朝鮮のミサイルが日本の「上空」を通過したと騒いで朝鮮の「脅威」を演出する日本政府とマスメディア

 朝鮮が先月4日に日本列島を横断する形で弾道ミサイルを発射させた際、日本政府やマスメディアは大騒ぎをした。日本政府は全国瞬時警報システム「Jアラート」を鳴らして避難を呼びかけ、テレビ局は番組を中断して関連のニュースを放送。その結果、一部の交通機関が運航を見合わせるなど、日本社会に混乱をもたらした。

 しかし日本政府やマスメディアなどが青森県の「上空」を通過したと説明する今回の朝鮮発射の弾道ミサイルは、最高高度が約1000キロと推定されている。国際航空連盟などが宇宙と定義するのは高度100キロ以上、国際宇宙ステーションが地球を周回しているのは高度約400キロだから、朝鮮のミサイルは日本の「上空」と言っても、その遥か上の無重力状態の宇宙空間を飛行しているはずである。
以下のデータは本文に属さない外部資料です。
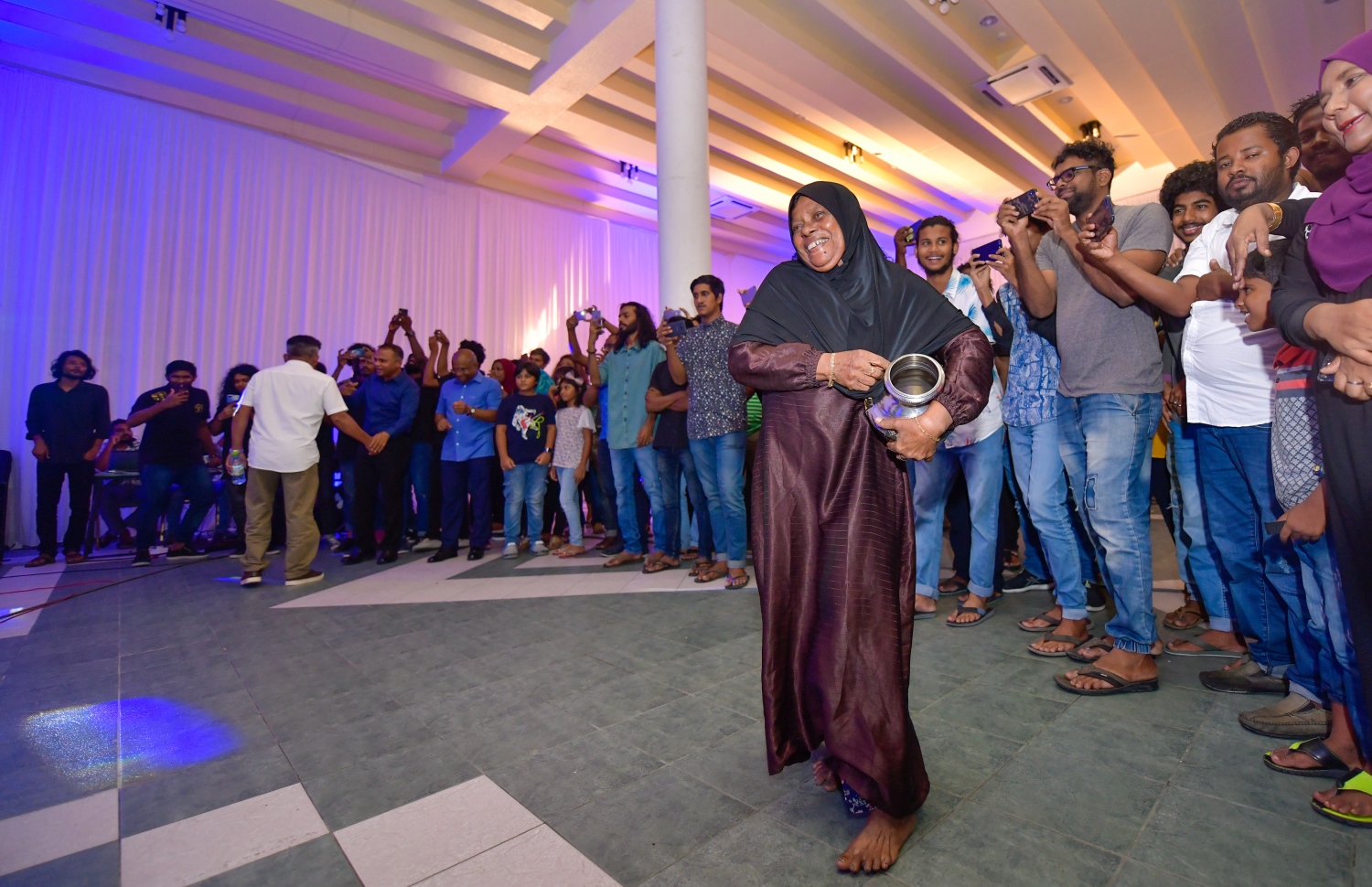 މާލެ: އޮކްޓޯބަރު 4، 2018- ރިޔާސީ އިންތިޚާބުގެ ކާމިޔާބީ ފާހަގަ ކުރުމާއި އިންތިޚާބީ ރައީސް އިބްރާހިމް މުހައްމަދު ސޯލިހް (އިބޫ) އަދި އިންތިޚާބީ ނައިބު ރައީސް ފައިސަލް ނަސީމަށް ހެންވޭރުގެ ސަޕޯޓަރުން މަރުހަބާ ދެންނެވުމަށް ދަރުބާރުގޭގައި ބޭއްވި ހަފުލާގެ ތެރެއިން.---ފޮޓޯ: ހުސައިން ވަހީދު/މިހާރު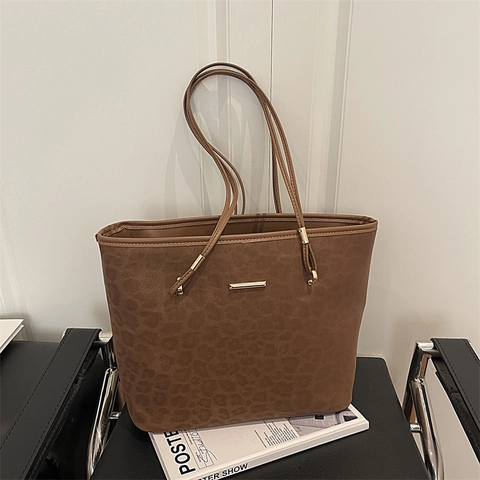 Vintage Leopard Print Tote Bag For Women Large Capacity PU Leather Shoulder Bag With Gold Metal Decor Stylish Retro Satchel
そこから日本列島に向かって、何か落ちてこようはずがない。
 日本政府は「弾道ミサイルが日本の領土・領海に落下する可能性又は領土・領海の上空を通過する可能性がある場合」にJアラートを使用すると述べているが、果たして警報を鳴らして市民を避難させる必要があったのだろうか。「日本の領土・領海」に朝鮮のミサイルが落ちてくる可能性はゼロ。ミサイルが通過したのは「日本の領土・領海」の「上空」であることには違いないが、高度100キロ以上は領空ではなく、日本の主権の及ばない宇宙空間であり、日本の国土に何か危険が迫っていたわけでもない。日本の国土の安全を考えるのなら、日本列島の東方数千キロの太平洋沖を目指して宇宙空間を飛行しているミサイルに警報を鳴らすよりも、米軍のオスプレイの飛行をやめさせるべきだろう。米軍使用のオスプレイは、クラッチが不具合を起こす原因不明の問題を抱えているにもかかわらず、日本の領空を好き勝手に飛んでいる。
 マスメディアは日本に何らかの危害が及ぶ危険が迫っていたかのようにニュースをと伝え(NHKニュース7、22/10//4;ニュースウオッチ9、22/10/4;朝日22/10/5毎日22/10/5)、Jアラート発信の妥当性を問うのではなく、誤報や発信の遅れを問題にした。
 毎日新聞22/10/19)は朝鮮のミサイルが日本の「上空」を通過してから2週間程たった後、Jアラートの「課題」を論じる社説で誤報や発信遅れがあったことを問題として指摘した後、最後の方になってようやく、

「今回のミサイルの最高高度は約1000キロで、国際宇宙ステーションISS)の高度の倍以上だ。上空通過で、どのような危険が想定されるのかという基礎情報がもっと周知される必要がある」

と述べているが、そのすぐ後に続く一文は、

「避難を呼びかけられた人々からは『どこに逃げればいいのか』など不安や戸惑いの声が聞かれた。避難施設の確保も急がれる」

 今回のJアラート発信の妥当性については全く問題にしていない。国際宇宙ステーションの「倍以上」の「上空通過」で、毎日新聞はどのような「危険」を「想定」しているのだろうか。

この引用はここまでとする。